About the only thing that’s certain in healthcare delivery is that constant change will continue. And that, unfortunately, makes everyone’s marketing assumptions suspect. Keeping pace with a shifting landscape makes it more challenging to market a medical practice.
Here are a few important-but-independent observations, factoids and tips that crossed our radar. Consider how each item—maybe all of them—could drive adjustments in your marketing thinking.
Some Americans will defer healthcare.
As the curtain gradually pulls back on affordable care in 2015, many people are shocked to find higher medical insurance premiums or deductibles or both.
“The Obama administration unveiled data showing that many Americans with health insurance bought under the Affordable Care Act could face substantial price increases — in some cases as much as 20 percent — unless they switch plans,” reports The New York Times.
Although the amount of increase varies, higher premiums are commonplace and most people will pay more for health insurance. It is reasonable to expect that many individuals—those who elect to keep their coverage—will be increasingly inclined to delay or avoid seeking healthcare.
Facebook may jump aboard the healthcare express.
You know about Apple and Google launching healthcare initiatives.

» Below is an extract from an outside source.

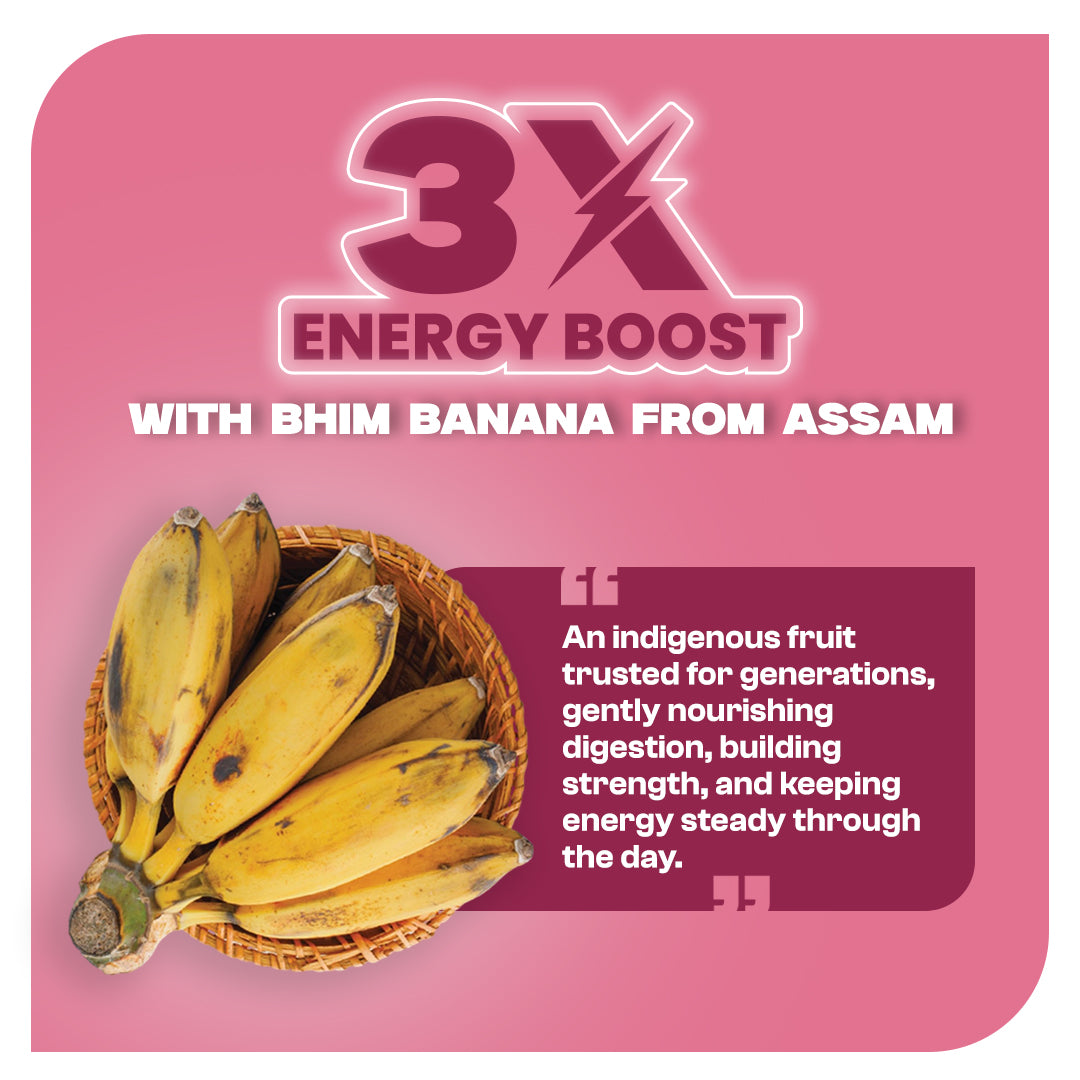 Strawberry Healthy Pancake Mix with Bhim Banana | Pro-To-Grow (250g)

Industry observer WeRSM (We Are Social Media) speculates that Facebook, the widely popular social platform, may be the next big player with health, fitness and wellness features.
“This comes as no surprise,” says WeRSM, “as the social network pretty much knows many things about our whereabouts, hobbies and lifestyle. Apart from this, Facebook is also focusing on creating support communities for people who suffer from certain conditions.”
Read the full article here. Speculation…yes, but don’t be surprised if the largest social media network gets aboard the health bandwagon.
Virtual doctor visits, and mobile communications with patients, will increase.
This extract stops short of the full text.